▸ What this task involves: In the entries below, find the line with "Coffee-themed typography graphic" and print exactly every line from there up to and including the line with "New Arrival Jewelry", with no other lines.

-.-.-

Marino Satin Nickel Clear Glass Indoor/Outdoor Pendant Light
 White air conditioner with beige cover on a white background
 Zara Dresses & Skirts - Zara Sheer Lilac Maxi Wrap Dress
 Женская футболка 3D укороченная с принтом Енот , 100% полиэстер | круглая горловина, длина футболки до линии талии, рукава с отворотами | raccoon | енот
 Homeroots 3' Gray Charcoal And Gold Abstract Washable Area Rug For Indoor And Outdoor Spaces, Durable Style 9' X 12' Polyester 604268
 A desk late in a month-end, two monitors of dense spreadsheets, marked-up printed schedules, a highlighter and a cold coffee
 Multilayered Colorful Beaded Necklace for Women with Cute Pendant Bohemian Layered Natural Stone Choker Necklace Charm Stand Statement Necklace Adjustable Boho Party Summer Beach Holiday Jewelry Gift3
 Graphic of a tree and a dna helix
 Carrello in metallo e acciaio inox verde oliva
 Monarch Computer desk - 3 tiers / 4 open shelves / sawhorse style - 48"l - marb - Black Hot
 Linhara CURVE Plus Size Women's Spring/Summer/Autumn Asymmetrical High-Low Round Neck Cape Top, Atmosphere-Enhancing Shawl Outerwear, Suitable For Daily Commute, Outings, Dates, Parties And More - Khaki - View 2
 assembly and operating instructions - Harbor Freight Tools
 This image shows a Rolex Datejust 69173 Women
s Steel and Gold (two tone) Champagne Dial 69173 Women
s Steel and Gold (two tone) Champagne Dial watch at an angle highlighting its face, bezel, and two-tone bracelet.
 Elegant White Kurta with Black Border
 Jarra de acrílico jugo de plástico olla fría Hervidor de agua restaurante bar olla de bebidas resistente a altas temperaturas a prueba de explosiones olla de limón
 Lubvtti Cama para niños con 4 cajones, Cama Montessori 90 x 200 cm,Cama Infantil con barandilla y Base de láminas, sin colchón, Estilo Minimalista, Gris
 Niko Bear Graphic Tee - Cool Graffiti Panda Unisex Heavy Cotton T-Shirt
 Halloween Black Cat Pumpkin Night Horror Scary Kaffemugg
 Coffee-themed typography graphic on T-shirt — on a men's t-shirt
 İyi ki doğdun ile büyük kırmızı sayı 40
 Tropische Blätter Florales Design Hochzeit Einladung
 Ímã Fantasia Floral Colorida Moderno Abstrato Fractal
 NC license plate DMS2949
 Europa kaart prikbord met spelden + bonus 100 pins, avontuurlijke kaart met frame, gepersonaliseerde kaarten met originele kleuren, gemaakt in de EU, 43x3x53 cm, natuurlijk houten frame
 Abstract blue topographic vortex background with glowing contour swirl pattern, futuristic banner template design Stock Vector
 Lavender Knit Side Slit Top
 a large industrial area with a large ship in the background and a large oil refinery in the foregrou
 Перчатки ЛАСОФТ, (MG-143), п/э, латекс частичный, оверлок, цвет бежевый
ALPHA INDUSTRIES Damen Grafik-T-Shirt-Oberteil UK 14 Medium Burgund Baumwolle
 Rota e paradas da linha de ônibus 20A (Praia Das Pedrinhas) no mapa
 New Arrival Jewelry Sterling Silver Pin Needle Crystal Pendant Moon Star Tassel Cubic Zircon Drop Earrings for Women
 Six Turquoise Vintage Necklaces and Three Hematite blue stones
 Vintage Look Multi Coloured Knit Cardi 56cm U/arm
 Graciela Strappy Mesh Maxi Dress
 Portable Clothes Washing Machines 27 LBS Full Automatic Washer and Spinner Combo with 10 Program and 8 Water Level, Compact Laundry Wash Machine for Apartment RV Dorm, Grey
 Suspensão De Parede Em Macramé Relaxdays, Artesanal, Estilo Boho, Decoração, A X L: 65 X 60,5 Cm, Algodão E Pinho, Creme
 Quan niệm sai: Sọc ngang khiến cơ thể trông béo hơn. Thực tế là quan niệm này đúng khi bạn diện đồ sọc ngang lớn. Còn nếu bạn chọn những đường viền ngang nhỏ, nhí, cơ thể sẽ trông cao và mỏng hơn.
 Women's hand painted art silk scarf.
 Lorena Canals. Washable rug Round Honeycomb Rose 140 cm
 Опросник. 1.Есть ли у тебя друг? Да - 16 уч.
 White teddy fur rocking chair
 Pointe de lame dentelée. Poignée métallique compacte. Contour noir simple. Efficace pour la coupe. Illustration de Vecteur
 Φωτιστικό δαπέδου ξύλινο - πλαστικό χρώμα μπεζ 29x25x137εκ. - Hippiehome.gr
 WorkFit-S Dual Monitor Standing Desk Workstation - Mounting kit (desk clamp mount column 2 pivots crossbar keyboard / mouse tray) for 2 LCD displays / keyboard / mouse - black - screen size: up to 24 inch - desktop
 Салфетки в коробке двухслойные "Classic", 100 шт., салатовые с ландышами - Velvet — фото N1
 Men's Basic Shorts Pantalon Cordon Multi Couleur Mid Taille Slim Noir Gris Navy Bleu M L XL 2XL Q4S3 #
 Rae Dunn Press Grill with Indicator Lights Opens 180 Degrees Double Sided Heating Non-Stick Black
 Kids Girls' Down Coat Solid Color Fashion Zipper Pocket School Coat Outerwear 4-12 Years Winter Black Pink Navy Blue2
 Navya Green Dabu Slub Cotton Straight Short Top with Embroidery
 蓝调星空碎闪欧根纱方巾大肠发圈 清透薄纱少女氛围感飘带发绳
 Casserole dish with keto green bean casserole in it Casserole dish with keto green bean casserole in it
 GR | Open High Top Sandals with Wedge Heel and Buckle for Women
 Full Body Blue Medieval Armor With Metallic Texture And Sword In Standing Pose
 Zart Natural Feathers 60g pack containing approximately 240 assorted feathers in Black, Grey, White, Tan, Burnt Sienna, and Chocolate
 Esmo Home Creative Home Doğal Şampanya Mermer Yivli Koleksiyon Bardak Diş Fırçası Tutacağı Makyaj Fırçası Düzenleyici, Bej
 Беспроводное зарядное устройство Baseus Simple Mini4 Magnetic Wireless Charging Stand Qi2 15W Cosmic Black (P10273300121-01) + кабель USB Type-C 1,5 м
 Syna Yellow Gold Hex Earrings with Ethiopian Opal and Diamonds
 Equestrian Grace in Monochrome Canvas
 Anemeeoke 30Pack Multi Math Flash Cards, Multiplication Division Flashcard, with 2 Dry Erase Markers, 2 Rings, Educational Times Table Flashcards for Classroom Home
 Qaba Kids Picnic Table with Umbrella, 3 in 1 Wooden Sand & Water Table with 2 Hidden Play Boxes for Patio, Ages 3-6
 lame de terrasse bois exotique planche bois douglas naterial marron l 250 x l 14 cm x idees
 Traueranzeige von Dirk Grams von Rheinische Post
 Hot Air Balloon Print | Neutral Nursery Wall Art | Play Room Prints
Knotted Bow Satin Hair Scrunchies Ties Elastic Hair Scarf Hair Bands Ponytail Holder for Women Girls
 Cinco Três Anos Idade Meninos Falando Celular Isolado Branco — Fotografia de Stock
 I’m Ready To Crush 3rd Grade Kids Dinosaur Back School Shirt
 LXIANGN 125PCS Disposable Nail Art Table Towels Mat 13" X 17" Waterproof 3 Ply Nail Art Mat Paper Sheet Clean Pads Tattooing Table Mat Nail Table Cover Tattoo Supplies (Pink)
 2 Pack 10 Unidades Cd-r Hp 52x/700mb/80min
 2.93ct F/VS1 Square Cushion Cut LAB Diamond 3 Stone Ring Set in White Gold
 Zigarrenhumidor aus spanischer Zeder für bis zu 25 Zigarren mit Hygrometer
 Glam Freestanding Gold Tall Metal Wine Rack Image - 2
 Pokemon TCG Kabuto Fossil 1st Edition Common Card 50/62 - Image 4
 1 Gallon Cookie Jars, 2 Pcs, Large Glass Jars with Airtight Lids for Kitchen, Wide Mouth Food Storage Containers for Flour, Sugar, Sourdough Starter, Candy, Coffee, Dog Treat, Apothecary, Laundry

-.-.-

▸ Completed exercise:
 Coffee-themed typography graphic on T-shirt — on a men's t-shirt
 İyi ki doğdun ile büyük kırmızı sayı 40
 Tropische Blätter Florales Design Hochzeit Einladung
 Ímã Fantasia Floral Colorida Moderno Abstrato Fractal
 NC license plate DMS2949
 Europa kaart prikbord met spelden + bonus 100 pins, avontuurlijke kaart met frame, gepersonaliseerde kaarten met originele kleuren, gemaakt in de EU, 43x3x53 cm, natuurlijk houten frame
 Abstract blue topographic vortex background with glowing contour swirl pattern, futuristic banner template design Stock Vector
 Lavender Knit Side Slit Top
 a large industrial area with a large ship in the background and a large oil refinery in the foregrou
 Перчатки ЛАСОФТ, (MG-143), п/э, латекс частичный, оверлок, цвет бежевый
ALPHA INDUSTRIES Damen Grafik-T-Shirt-Oberteil UK 14 Medium Burgund Baumwolle
 Rota e paradas da linha de ônibus 20A (Praia Das Pedrinhas) no mapa
 New Arrival Jewelry Sterling Silver Pin Needle Crystal Pendant Moon Star Tassel Cubic Zircon Drop Earrings for Women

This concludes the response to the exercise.